Canada and the End of the Imperial Dream: Beverley Baxter’s Reports from London through War and Peace, 1936–1960
by Neville Thompson
Oxford University Press
406 pages, $29.95
As Canada approaches key commemorations for the first and second world wars, the country’s British heritage has taken on renewed interest. Respected historian Neville Thompson delivers a compelling narrative of the last great years of the Anglo-Canadian connection, which is carefully woven together from the accounts of Canadian-born journalist and British Parliamentarian Beverley Baxter.

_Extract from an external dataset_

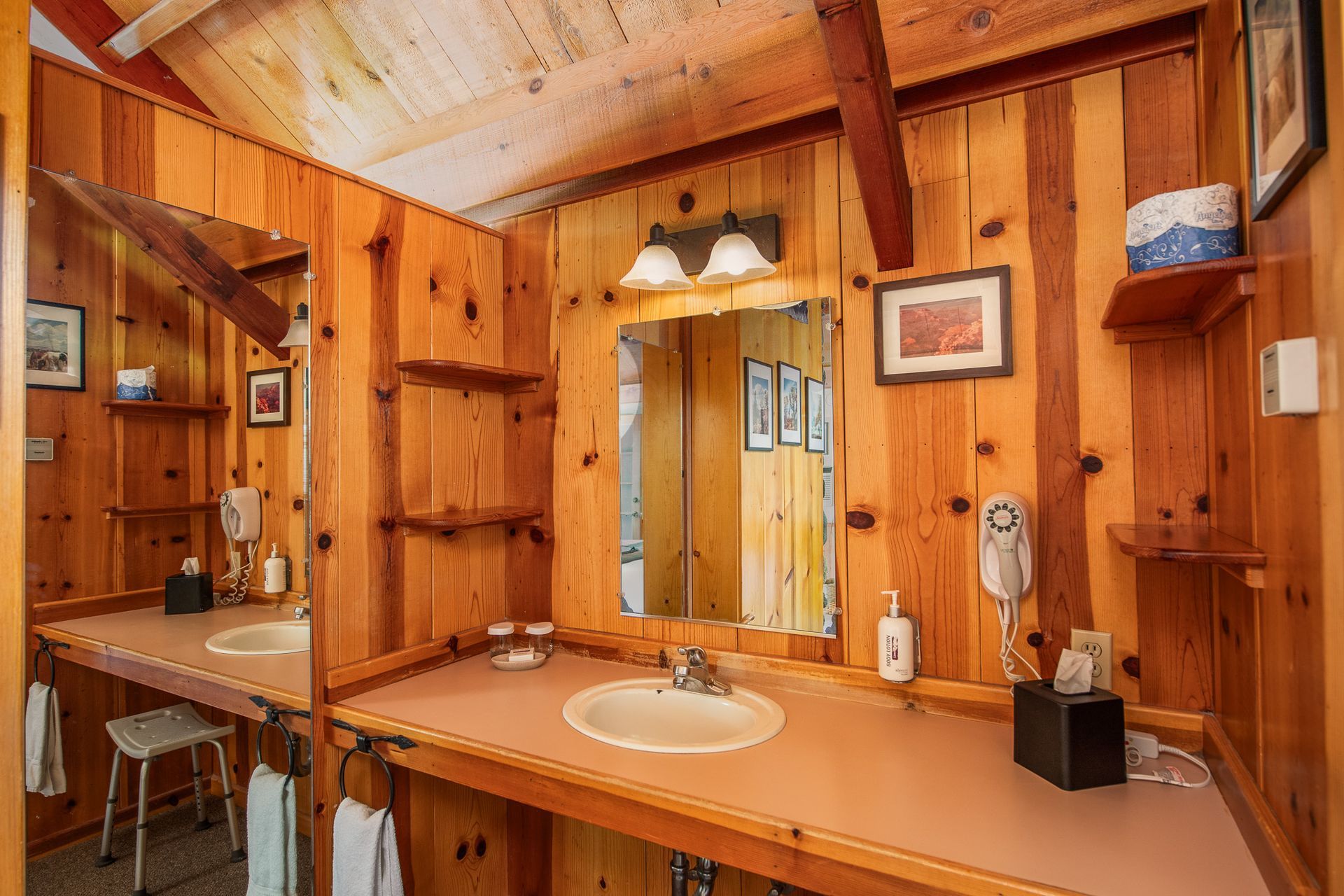 Wooden bathroom with sink, mirror, and small shelves.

From 1939 to 1960, Baxter’s Letters from London was one of Maclean’s magazine’s most well-read and influential columns. Although Thompson draws heavily upon this treasure trove of first-hand accounts of British political life during the eras of prime ministers Neville Chamberlain and Winston Churchill, this is not a book of excerpts. Only brief quotes from selected letters are used. Instead, in Canada and the End of the Imperial Dream, Thompson expands upon them, providing a rich context to the times in which Baxter wrote.
It’s a great political history book that provides an insider’s guide to the people and events that shaped wartime and post-war Britain as well as Anglo-Canadian relations at a crucial time when world powers and allegiances were shifting and Canada was confidently coming into its own.